Review copy courtesy of The Library of America.

Review copy courtesy of The Library of America.

But I’ll start with Malamud’s debut novel, The Natural (1952). I have mixed feelings towards it — knew that all the way through the book — yet I couldn’t put it down.

I still remember just getting in to baseball and seeing Robert Redford play Roy Hobbs in the 1984 film adaptation. At that point in my life, I loved it. I loved that last scene, all the spectacle in slow motion. But revisiting the film later in life left me incredibly disappointed. What a cheesy, sentimental, disingenuous bit of myth-making, I think now.

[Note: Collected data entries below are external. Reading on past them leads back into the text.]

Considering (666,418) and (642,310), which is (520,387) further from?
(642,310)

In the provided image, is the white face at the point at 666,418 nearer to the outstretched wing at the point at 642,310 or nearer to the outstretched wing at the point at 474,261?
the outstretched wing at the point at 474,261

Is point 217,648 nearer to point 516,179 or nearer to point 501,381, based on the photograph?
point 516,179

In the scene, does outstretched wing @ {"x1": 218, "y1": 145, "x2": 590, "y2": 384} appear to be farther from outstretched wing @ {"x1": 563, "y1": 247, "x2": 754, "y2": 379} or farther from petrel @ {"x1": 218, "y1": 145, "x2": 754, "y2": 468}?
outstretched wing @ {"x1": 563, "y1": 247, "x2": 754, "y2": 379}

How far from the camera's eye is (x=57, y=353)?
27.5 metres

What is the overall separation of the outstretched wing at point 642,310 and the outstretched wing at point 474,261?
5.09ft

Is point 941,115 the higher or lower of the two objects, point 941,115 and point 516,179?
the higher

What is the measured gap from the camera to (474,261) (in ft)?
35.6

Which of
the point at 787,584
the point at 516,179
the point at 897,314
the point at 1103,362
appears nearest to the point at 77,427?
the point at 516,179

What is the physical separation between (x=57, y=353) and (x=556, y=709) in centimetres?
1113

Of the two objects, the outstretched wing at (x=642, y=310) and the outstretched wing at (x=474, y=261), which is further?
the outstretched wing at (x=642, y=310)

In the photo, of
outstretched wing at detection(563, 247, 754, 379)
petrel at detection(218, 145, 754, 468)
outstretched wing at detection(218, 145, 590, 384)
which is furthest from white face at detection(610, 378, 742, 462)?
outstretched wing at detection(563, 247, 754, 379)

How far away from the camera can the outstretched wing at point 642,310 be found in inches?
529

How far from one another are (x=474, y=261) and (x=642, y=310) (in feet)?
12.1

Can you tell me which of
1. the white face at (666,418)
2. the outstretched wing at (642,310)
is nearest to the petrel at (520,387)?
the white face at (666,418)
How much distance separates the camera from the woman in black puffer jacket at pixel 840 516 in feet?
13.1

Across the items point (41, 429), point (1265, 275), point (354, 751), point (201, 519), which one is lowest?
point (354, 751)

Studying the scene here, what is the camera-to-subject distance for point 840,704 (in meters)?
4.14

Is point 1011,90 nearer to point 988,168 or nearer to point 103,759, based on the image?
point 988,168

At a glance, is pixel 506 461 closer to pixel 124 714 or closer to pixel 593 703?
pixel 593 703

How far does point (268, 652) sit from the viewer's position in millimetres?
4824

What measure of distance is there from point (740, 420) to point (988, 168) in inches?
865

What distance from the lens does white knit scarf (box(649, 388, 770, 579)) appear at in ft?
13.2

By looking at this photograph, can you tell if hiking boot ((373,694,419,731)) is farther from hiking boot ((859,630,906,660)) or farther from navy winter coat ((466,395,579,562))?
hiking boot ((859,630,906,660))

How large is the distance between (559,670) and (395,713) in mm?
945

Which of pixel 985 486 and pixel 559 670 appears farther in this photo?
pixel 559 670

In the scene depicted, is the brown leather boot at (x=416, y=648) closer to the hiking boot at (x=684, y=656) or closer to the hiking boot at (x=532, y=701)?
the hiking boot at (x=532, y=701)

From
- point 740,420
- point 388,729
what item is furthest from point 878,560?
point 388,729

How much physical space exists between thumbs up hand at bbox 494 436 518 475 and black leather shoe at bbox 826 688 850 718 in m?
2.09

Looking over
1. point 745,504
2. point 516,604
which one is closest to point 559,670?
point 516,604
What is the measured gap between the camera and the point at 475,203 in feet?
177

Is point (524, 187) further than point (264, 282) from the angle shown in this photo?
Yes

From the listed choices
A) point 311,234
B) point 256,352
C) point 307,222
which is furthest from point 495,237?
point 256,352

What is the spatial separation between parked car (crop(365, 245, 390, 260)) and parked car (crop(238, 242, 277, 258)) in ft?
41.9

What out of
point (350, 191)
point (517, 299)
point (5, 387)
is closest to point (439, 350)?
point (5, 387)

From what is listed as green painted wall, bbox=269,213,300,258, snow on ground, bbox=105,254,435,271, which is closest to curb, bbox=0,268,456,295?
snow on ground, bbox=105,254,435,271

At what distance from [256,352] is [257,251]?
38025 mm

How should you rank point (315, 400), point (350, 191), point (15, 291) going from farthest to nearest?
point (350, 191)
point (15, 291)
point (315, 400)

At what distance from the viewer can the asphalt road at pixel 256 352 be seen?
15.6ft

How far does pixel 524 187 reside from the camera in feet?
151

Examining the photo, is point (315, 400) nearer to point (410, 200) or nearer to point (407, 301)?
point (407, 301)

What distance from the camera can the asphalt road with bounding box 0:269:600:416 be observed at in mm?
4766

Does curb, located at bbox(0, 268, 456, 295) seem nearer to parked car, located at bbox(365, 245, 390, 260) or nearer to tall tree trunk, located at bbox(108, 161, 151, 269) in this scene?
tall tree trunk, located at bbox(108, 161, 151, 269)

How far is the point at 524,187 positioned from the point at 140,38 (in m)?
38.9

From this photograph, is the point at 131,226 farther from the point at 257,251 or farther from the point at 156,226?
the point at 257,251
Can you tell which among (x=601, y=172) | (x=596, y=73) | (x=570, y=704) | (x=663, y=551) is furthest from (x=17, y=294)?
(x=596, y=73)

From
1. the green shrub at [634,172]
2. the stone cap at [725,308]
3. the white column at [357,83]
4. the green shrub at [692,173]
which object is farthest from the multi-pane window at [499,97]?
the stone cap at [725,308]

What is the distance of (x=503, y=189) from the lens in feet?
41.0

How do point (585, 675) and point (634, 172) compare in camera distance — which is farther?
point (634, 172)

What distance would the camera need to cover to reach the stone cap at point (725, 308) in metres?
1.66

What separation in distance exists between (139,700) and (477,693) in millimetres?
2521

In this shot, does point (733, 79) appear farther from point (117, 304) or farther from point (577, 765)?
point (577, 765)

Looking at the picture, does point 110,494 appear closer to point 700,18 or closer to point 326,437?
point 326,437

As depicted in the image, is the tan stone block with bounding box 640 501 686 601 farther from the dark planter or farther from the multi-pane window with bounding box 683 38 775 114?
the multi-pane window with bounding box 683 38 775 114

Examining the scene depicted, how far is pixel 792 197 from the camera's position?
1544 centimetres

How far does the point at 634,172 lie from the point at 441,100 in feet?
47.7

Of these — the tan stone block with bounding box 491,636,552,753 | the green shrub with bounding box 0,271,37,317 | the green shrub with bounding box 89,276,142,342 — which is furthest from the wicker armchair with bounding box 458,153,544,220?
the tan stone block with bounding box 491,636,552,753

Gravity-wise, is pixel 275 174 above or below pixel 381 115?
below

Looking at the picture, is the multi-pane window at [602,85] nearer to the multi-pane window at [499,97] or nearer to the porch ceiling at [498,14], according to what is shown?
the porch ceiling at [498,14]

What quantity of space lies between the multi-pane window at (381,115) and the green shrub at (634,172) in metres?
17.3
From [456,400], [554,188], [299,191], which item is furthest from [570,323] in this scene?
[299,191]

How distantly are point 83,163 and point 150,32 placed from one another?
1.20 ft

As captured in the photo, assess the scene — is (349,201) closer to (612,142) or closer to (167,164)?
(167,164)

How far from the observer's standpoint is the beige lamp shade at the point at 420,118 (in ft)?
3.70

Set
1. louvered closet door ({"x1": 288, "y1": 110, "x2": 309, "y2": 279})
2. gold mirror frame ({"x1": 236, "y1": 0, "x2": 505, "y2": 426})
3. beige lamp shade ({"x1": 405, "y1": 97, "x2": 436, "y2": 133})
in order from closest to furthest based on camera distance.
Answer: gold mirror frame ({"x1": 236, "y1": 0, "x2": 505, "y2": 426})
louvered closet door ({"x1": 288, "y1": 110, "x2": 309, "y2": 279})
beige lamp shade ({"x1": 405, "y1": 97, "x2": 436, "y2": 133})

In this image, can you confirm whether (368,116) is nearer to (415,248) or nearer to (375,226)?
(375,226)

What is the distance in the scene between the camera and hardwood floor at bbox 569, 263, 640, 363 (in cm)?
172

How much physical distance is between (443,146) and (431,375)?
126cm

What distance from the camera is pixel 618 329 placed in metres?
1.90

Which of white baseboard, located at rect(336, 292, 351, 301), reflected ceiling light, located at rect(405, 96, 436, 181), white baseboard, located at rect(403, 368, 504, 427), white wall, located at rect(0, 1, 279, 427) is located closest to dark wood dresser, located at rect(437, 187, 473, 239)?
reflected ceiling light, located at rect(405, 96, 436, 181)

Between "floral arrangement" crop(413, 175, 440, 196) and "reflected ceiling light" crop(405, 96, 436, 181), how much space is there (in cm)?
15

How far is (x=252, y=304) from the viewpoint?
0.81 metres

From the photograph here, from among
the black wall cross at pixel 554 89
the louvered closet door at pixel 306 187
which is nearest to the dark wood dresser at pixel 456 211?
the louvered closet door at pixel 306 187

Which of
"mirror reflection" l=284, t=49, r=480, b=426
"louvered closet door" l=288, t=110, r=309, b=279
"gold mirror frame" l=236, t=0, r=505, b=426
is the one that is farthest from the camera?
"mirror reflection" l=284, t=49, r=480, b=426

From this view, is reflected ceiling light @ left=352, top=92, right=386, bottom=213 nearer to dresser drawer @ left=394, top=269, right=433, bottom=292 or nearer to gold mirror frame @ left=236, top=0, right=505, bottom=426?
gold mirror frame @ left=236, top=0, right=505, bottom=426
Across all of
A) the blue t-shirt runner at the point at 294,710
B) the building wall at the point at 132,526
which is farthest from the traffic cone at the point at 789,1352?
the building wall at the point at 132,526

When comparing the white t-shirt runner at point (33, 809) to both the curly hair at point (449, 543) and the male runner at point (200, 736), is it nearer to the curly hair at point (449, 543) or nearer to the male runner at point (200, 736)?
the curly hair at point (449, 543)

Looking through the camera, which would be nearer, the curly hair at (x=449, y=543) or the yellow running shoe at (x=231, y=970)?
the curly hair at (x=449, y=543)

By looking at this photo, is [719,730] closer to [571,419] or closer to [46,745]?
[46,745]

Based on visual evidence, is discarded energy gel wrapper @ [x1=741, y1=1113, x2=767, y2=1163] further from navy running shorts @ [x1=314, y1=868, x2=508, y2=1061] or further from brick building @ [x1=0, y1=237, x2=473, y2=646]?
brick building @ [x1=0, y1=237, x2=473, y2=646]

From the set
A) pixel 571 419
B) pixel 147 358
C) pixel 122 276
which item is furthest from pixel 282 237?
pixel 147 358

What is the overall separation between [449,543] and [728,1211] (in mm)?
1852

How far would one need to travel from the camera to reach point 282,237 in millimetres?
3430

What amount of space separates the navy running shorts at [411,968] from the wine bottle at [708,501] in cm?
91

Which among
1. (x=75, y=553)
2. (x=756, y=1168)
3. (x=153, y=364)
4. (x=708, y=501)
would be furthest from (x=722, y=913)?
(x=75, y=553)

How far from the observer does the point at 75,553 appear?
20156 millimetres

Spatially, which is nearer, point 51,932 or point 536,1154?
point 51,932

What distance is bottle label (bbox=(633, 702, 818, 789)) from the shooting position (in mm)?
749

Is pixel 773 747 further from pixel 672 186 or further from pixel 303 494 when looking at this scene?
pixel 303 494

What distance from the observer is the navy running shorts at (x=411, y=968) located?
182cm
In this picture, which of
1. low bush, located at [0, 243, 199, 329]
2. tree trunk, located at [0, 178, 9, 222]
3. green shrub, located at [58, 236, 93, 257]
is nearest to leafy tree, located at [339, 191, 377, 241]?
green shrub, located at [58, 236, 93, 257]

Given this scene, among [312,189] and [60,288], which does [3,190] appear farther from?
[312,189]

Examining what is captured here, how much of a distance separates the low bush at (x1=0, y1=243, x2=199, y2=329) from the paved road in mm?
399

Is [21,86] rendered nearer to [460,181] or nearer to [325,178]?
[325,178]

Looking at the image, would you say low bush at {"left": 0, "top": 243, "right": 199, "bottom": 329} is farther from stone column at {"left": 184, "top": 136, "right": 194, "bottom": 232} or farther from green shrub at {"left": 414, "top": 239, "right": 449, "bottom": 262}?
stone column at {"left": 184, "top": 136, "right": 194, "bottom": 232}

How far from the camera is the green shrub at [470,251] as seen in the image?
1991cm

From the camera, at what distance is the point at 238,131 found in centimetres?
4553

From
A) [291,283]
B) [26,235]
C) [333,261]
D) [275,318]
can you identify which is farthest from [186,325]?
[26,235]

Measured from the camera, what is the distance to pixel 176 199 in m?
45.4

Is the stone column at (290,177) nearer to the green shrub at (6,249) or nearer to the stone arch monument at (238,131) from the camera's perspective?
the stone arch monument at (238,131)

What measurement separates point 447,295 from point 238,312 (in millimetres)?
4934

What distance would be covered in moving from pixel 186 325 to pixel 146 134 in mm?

Did I really want to read the book? Well, one night in early January I started it and, though I knew what was coming due to the film, I still read late into the morning.

The opening section of the book is rather well ingrained in my mind, since I saw the movie many times when I was too young to understand what I was seeing but old enough to be shocked. It’s the early to middle part of the twentieth-century, and baseball has been around long enough to run through a classic period, but it’s still relatively young. We meet the nineteen-year-old Roy Hobbs on a train to try out for the Chicago Cubs. He is the natural of the title, the baseball player destined to break all the records. He just gets it, he’s always in the zone, it’s almost easy for him. There’s no question he is going to play in the big leagues.

On the train he meets baseball’s current sensation: Walter “The Whammer” Whambold (who, I hear, is based slightly on Babe Ruth). The Whammer is accompanied by a beautiful, mysterious woman named Harriet Bird, and neither of them show much interest in Roy. But when the train gets delayed near a carnival, Roy shows off his throwing arm and, to everyone’s surprise, strikes out The Whammer easily. Suddenly everyone, including Harriet, is interested in Roy. They arrive in Chicago, and Roy is thrilled when he receives a call from Harriet, who is at the same hotel. She invites him to his room where, after she makes sure Roy really is going to be the best baseball player there ever was, she shoots him in the stomach.

The next section moves us fifteen years into the future. We know little about what Roy did in those fifteen years, but here he is trying to get a position as a baseball player on the fictional National League team, the New York Knights. No one knows Roy’s history, and everyone is skeptical he can play at all, let alone well, as a rookie at his age. The story proceeds to tell us the ups and downs of Roy’s first — and only — season in the major leagues, when he finally has the opportunity to prove himself.

And, yes, a lot of it comes across as sentimental myth-making, though the novel is much darker and pessimistic than the film. Roy has a special bat he himself made, called Wonderboy, and with it he can hit almost anything. He goes through hitting streaks that are all but unheard of in real life. The women in Roy’s life are overtly good or bad, and the represent hyper levels of malevolence or beneficence.

But Malamud did this intentionally. He was setting out to write a myth about baseball, and The Natural is heavily based on the legend of Sir Perceval and the Fisher King. The Knights’ manager, who is seeking the elusive National League pennant, is even named Fisher. Roy is the knight who might save Fisher and heal the Waste Land in the process.

And, I have to say, even though while reading it I would flinch when the symbols became too blunt — like when Wonderboy is split in half (by lightning?) — there is a part of me that never got over my love for the story — I enjoyed reading this book as much as any other book I’ve read this year, even though it’s not, in my estimation, a great work. The little boy in me still finds Roy Hobbs a fascinating character on his quest to prove himself. I still want to see him play baseball.